Let's use this equation and say that this is the starting point.
AGNuke said:
Since you doubled the energy of incident photon, it will no doubt increase the KE of photoelectron
Now, you have doubled the incident photon's energy, which is one term on the right side. However, the second term, the work function, is still the same. This is the crux of the problem.
K.E. of photoelectron 1 = (KE of incident photon 1) - (Work Function of Metal).
K.E. of photoelectron 2 = (KE of incident photon 2) - (Work Function of Metal).
Now, rewriting this energy in terms of the energy of incident photon,
K.E. of photoelectron 2 = 2*(KE of incident photon 1) - (Work Function of Metal).
Difference of the two energies = KE of incident photon 1
Question: How did I get this relation? Simple enough, but just saves me some typing
So, the energy of the second photoelectron EXCEEDS that of the earlier one by a magnitude equal to the KE of incident photon 1.
BUT, KE of incident Photon 1 is MORE than the KE of photoelectron 1 (by first equation.)

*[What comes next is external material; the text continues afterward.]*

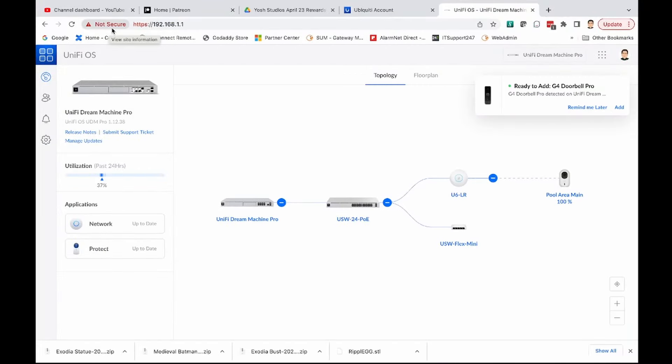We're back inside and the doorbell is fully installed. Now it's time to set it up, so let's go to the computer to finish this setup process. As you can see on my screen, I'm logged into my UniFi system into my Dream Machine Pro, looking at my network diagram. It's Dream Machine to a 24-port PoE switch over to my UniFi 6 Long Range. I can see right here that it says 'Ready to Add G4 Doorbell Pro,' and it's sitting there waiting. We're just going to hit Add.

So, yes, answer is more than twice of the initial photoelectron.
Intuition
Think of the problem this way - You have to hire a plumber. You have to pay for the services and his transportation cost. BUT, if your neighbor decides to have the plumbing done too, the two of you will not pay the transportation cost twice.
So, effectively, the cost per person is LESS than that if only one person would have asked for plumber.
It's really a fixed cost, variable cost problem which we learned in our linear equation days.
Likewise, the work function has to be paid off only once, for the electron to surface. It has got nothing to do with the incident energy of the photon.